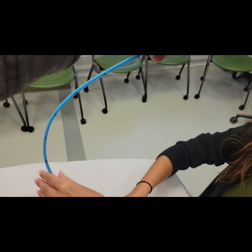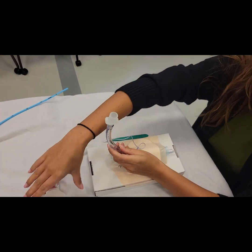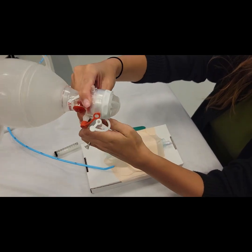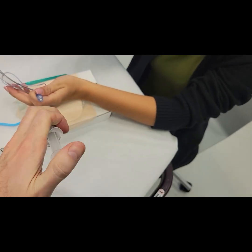Then you remove your bougie, and you can start bagging, and someone can help you inflate.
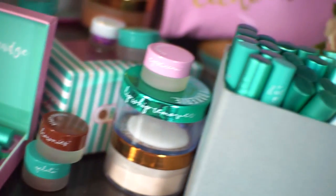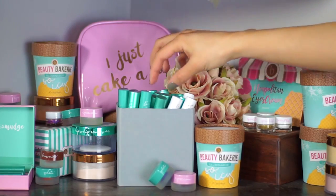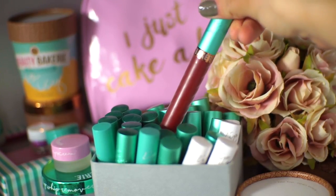Our lip whips give you back the moments that matter. You can eat, drink, swim, and kiss with our worry-free, life-proof lip whips.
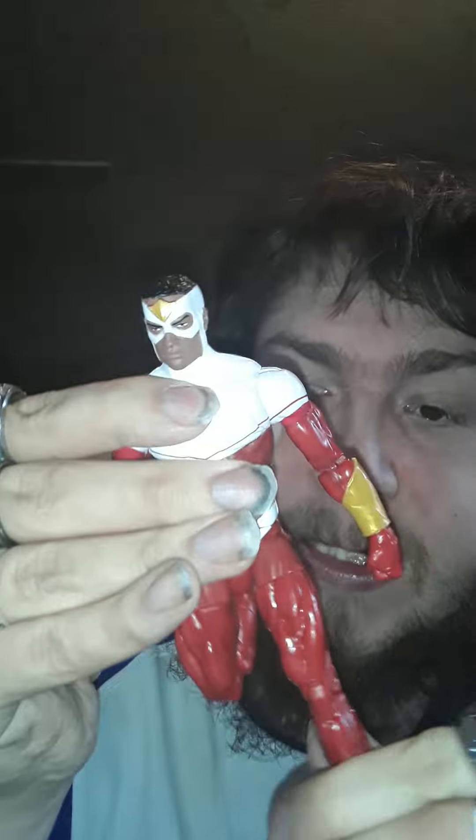His arms go out like that. He has double-joint elbows. I'm not going to try to make his arms go out on this side — I don't want to break the thing. He has double-joint knees on both sides. The wings just slot into those little holes in his arms.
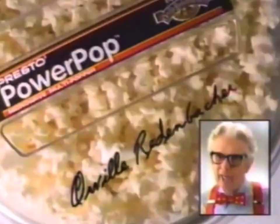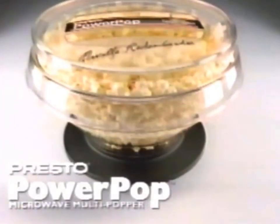Ask Orville. Nothing pops like Power Pop. Power Pop puts power in the pop. From Presto.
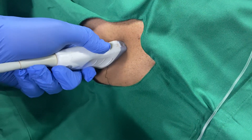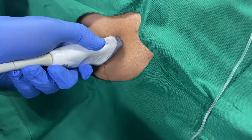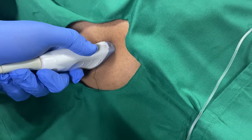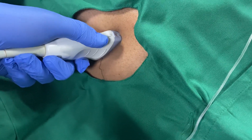Good morning friends. This is a patient for inguinal hernia repair by laparoscopic technique. For postoperative analgesia, we are giving ilio-inguinal and ilio-hypogastric nerve block with ultrasound.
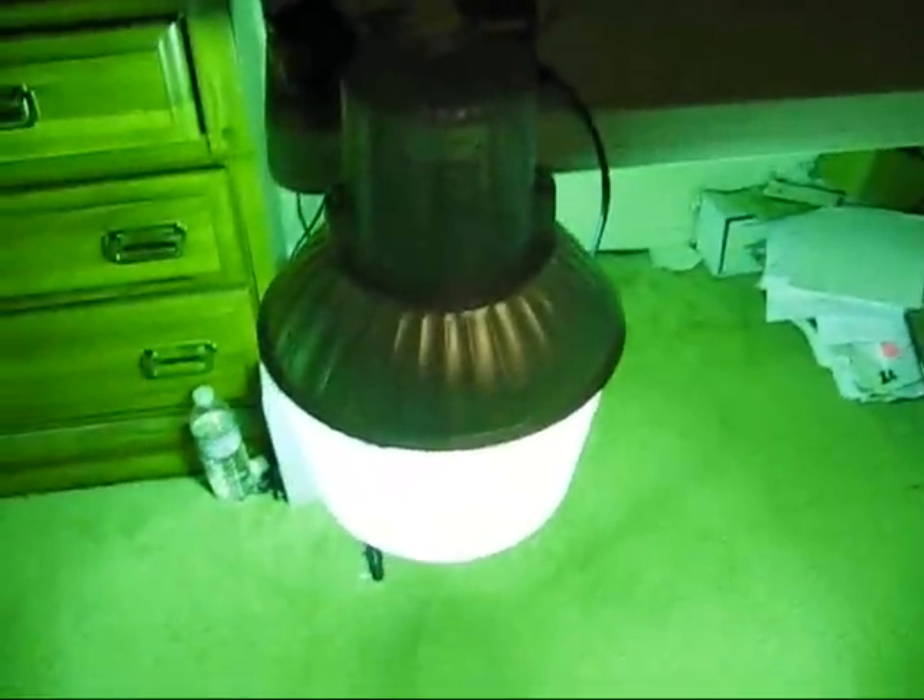Turn the room lights back on. I'm going to pull the plug and we'll put the metal halide bulb in.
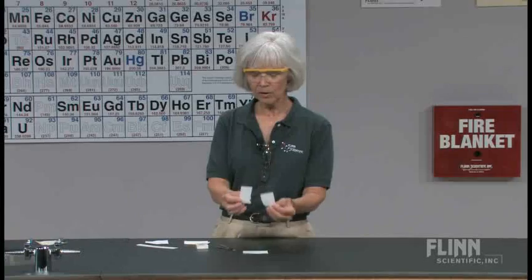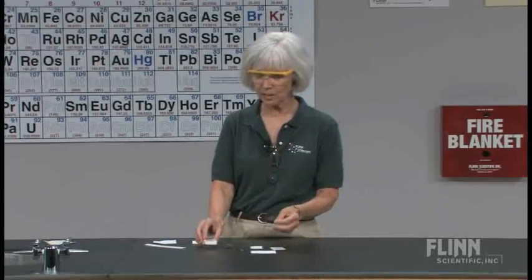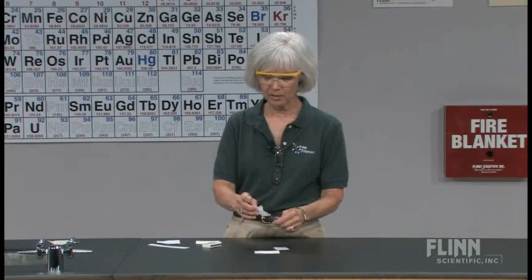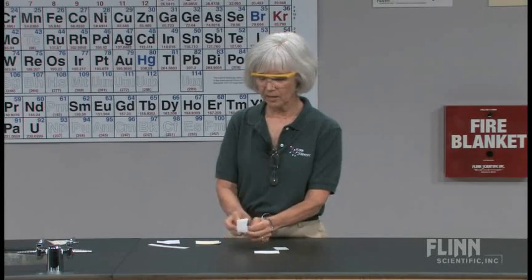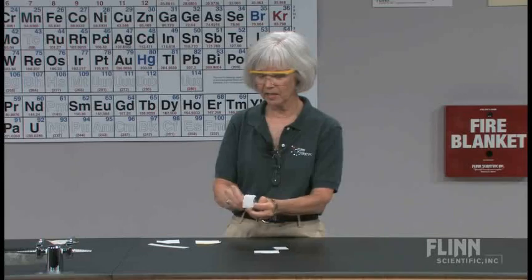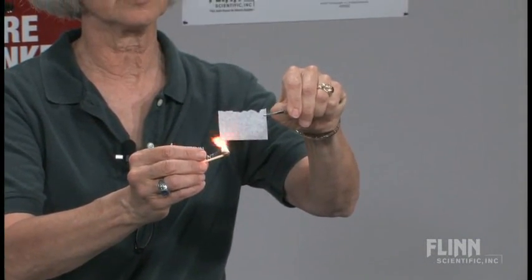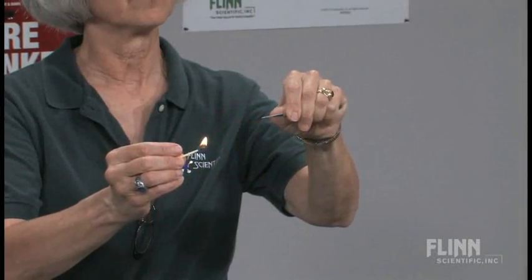Let's bring a match to it. Now, I will readily admit that my students think this could be really boring, so some of them are not paying close attention. I'll strike a match, I'll bring it to the paper, and the paper will disappear.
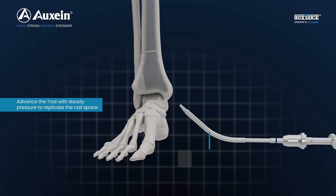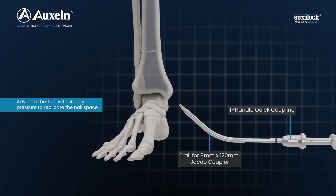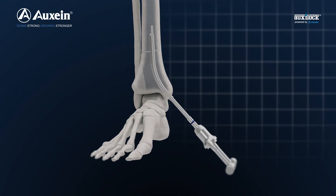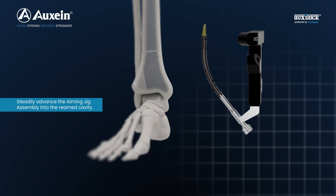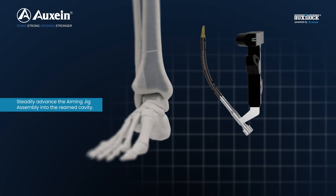Advance the trial with steady pressure to replicate the nail space. Steadily advance the aiming jig assembly into the reamed cavity.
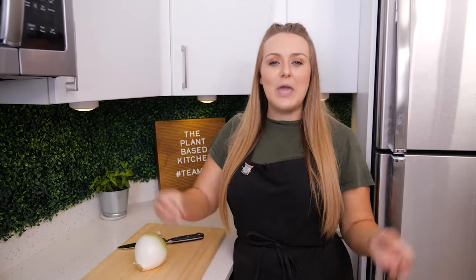Hey guys, welcome back to the Plant-Based Kitchen. You're watching Prep School and I'm going to teach you one of my favorite tricks that I've picked up while studying different cooking techniques to try to become a chef.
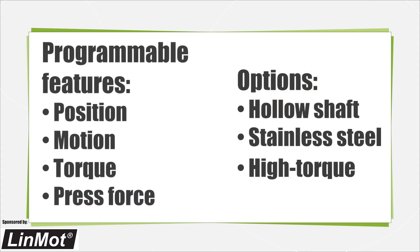Linear rotary servo motors allow you to control position — rotary and linear — velocity, and force or torque. They are available with a variety of options including hollow shaft, stainless steel, and high torque versions.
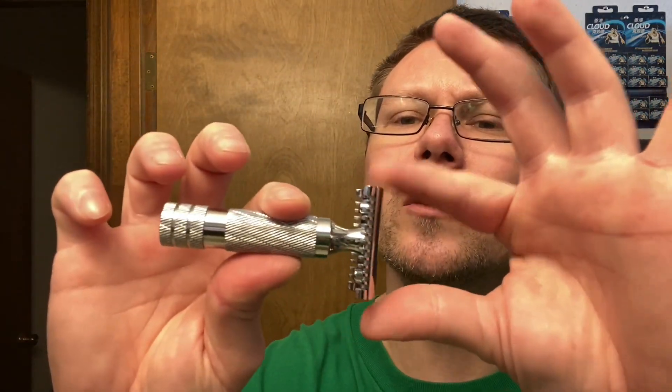DE blade we're going to be using — my favorite DE blade, Mula Brasiculture. Put that in there. There's a little bit of overhang, not much, a little bit of overhang though.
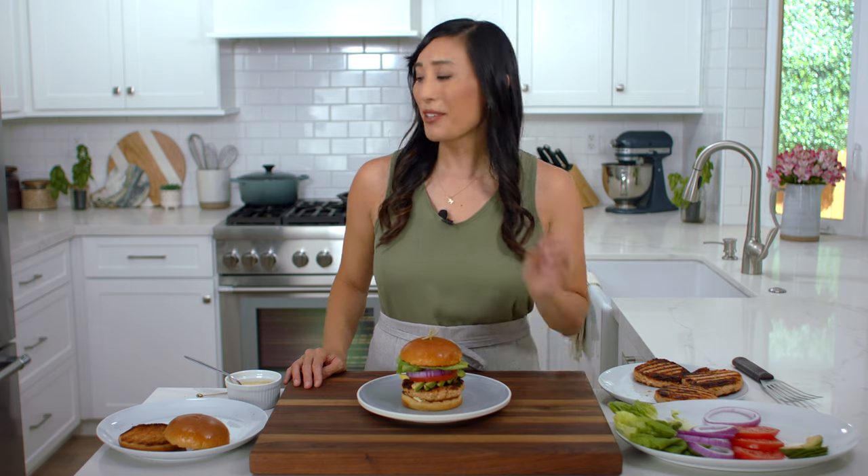I hope you enjoyed learning the science behind salmon burgers — if you did, please give it a big thumbs up, it means a lot. If you're looking for more seafood recipes, check out my pan-seared salmon — it's like a gourmet meal made right at home.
——
■ TASK DETAILS: Write out exactly the lines that run from the top of the listing above to the line containing "Advance the trial", both ends included. Omit every picture.

■ TASK ANSWER:
Then you remove your bougie, and you can start bagging, and someone can help you inflate.
Our lip whips give you back the moments that matter. You can eat, drink, swim, and kiss with our worry-free, life-proof lip whips.
His arms go out like that. He has double-joint elbows. I'm not going to try to make his arms go out on this side — I don't want to break the thing. He has double-joint knees on both sides. The wings just slot into those little holes in his arms.
Ask Orville. Nothing pops like Power Pop. Power Pop puts power in the pop. From Presto.
Good morning friends. This is a patient for inguinal hernia repair by laparoscopic technique. For postoperative analgesia, we are giving ilio-inguinal and ilio-hypogastric nerve block with ultrasound.
Turn the room lights back on. I'm going to pull the plug and we'll put the metal halide bulb in.
Let's bring a match to it. Now, I will readily admit that my students think this could be really boring, so some of them are not paying close attention. I'll strike a match, I'll bring it to the paper, and the paper will disappear.
Advance the trial with steady pressure to replicate the nail space. Steadily advance the aiming jig assembly into the reamed cavity.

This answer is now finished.